Expert warns of a 'very high risk of returning to worse circumstances' as infection rates slow
BARRIE, ONT. -- Ontario's ICUs have remained at critical levels as patients are transferred from hospital to hospital throughout the province.
Dr. Barry Nathanson, chief of staff at Stevenson Memorial Hospital in Alliston, talks with CTV's Craig Momney about the current situation.
Craig Momney What is the situation as of today in the ICUs?
Dr. Barry Nathanson Generally, in critical care units across, at least the GTA and its environments, there is some level of reduced anxiety because it appears, only appears, that we may be able to avoid the dire circumstance of having so many critically ill patients in Ontario hospitals that we would not be able to provide standard care to some patients coming in.
And so it looks, right now, that we may have avoided - because of all the measures that Ontarians have taken - that we may have avoided the circumstance of having to use the emergency standard of care whereby we would have to choose between patient A and patient B and unfortunately in that dire circumstance have to allow patients to pass away even though we have, at least notionally, treatments available for them.
So there's some relaxation there, but I can say that we are still at very high risk of returning to worse circumstances, and we could lose the benefits of the gains that we made at great cost in the past weeks and months.
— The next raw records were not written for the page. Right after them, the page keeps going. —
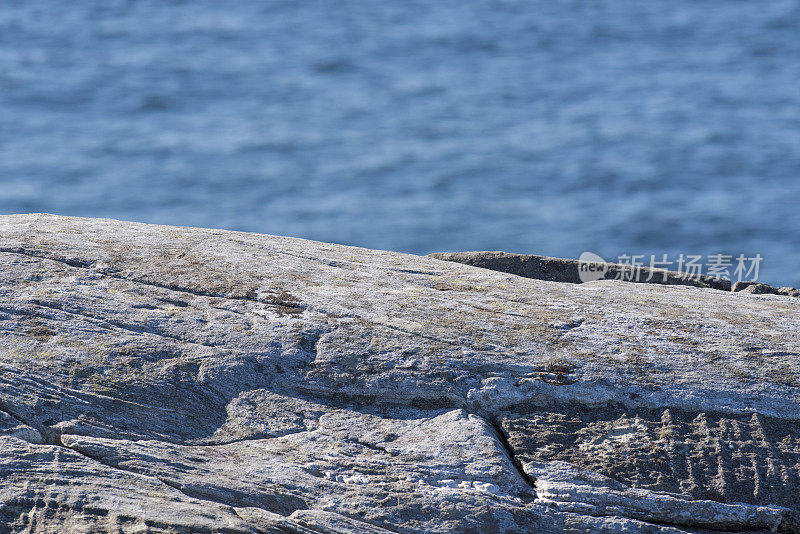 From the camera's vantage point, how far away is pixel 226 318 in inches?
141

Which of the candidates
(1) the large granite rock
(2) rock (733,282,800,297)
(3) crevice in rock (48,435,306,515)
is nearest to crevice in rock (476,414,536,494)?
(1) the large granite rock

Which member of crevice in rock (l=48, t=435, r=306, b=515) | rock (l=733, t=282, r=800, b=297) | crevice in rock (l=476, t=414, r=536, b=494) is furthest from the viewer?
rock (l=733, t=282, r=800, b=297)

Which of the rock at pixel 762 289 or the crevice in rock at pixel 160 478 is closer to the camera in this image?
the crevice in rock at pixel 160 478

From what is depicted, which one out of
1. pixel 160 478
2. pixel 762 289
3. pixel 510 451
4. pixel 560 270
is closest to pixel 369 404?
pixel 510 451

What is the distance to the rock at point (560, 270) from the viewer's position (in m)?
5.05

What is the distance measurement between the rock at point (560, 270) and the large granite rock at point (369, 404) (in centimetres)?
100

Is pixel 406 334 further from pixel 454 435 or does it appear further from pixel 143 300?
pixel 143 300

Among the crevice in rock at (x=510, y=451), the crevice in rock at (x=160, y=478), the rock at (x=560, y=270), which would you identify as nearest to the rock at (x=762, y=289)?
the rock at (x=560, y=270)

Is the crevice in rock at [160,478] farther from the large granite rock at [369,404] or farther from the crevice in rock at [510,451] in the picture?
the crevice in rock at [510,451]

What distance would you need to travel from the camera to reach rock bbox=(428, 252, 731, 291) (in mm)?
5051

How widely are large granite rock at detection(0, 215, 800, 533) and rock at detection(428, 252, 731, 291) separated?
39.4 inches

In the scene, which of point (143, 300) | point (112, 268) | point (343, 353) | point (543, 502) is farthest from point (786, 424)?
point (112, 268)

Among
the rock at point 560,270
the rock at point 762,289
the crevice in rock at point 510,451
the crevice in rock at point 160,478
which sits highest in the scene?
the rock at point 560,270

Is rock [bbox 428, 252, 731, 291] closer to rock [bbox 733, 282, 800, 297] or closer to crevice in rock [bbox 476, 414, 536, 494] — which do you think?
rock [bbox 733, 282, 800, 297] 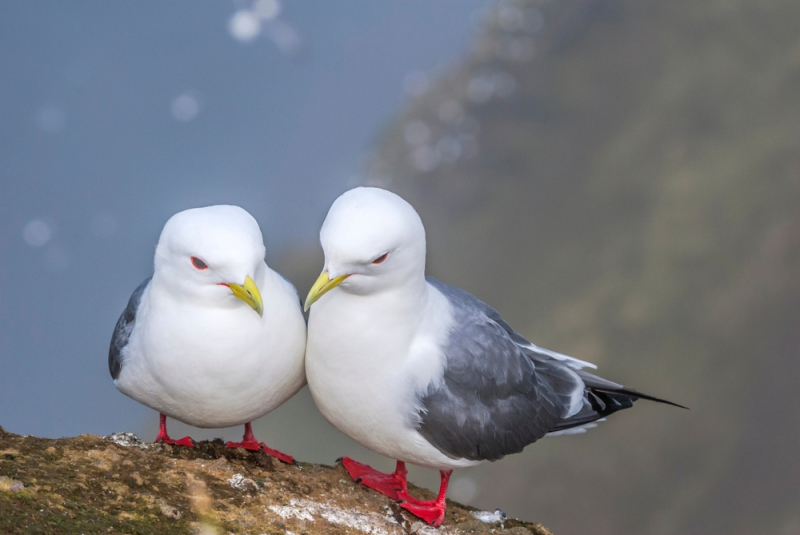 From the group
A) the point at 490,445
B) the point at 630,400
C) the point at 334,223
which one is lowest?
the point at 490,445

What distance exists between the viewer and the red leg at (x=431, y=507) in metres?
4.46

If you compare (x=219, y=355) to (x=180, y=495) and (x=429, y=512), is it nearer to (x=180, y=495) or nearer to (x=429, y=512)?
(x=180, y=495)

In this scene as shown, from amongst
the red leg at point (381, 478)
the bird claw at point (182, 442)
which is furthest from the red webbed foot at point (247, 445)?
the red leg at point (381, 478)

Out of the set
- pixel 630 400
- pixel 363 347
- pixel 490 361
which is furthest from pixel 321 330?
pixel 630 400

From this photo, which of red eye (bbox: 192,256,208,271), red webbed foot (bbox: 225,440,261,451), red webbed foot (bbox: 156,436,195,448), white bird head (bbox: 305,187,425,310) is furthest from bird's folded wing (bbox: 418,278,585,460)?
red webbed foot (bbox: 156,436,195,448)

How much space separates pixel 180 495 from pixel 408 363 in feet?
4.25

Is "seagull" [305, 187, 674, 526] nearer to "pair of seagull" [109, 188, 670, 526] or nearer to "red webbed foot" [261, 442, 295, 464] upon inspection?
"pair of seagull" [109, 188, 670, 526]

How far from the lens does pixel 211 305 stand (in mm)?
3973

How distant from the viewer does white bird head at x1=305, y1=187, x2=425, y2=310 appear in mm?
3602

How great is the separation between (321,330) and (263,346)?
308 mm

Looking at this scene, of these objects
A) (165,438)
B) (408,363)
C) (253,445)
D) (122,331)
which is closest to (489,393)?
(408,363)

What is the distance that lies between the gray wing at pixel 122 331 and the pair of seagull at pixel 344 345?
0.05ft

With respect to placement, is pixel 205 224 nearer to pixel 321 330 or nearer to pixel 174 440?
pixel 321 330

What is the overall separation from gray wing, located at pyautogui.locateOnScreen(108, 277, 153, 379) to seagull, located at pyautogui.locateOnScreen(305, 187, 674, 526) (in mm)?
1089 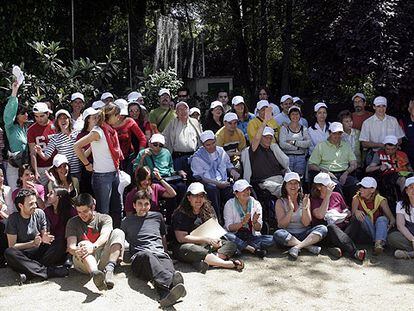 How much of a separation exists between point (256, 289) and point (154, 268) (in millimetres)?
1002

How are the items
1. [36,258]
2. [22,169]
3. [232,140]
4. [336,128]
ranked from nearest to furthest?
[36,258]
[22,169]
[336,128]
[232,140]

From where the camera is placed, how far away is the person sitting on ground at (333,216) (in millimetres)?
6064

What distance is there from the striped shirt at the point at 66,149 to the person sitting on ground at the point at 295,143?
8.72 ft

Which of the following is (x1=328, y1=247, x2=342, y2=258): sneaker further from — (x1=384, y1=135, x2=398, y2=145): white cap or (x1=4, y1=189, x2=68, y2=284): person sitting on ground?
(x1=4, y1=189, x2=68, y2=284): person sitting on ground

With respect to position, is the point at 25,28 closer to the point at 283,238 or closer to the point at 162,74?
the point at 162,74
Craig Momney Are patient transfers still happening daily in our area?
Dr. Barry Nathanson Yes. In order to keep things as stable and manageable as they are, which the demand is still high, and the ICUs are still very full, but in order to keep us from reaching a stage of essentially disaster; and one could argue that we have already crossed over the line into disaster in health services in Ontario, but in order to keep us maybe from DEFCON 1, rather than just DEFCON 2, we still have to move patients around the province; they're still happening every single day.
Craig Momney How long will it take to ease the situation?
Dr. Barry Nathanson It's going to take weeks and months to see some real easing. But as we see easing, if we can stay the course, if we can stay the course and enjoy the benefits of the sacrifices made, and we can see continued easing.
Then we have another problem to tackle, which is this massive backlog of necessary medical services in the range of 300,000 procedures that are required for patients in Ontario. That's going to fill things in again. And so times are going to be tough for healthcare for quite some time, and that's if we stay the course.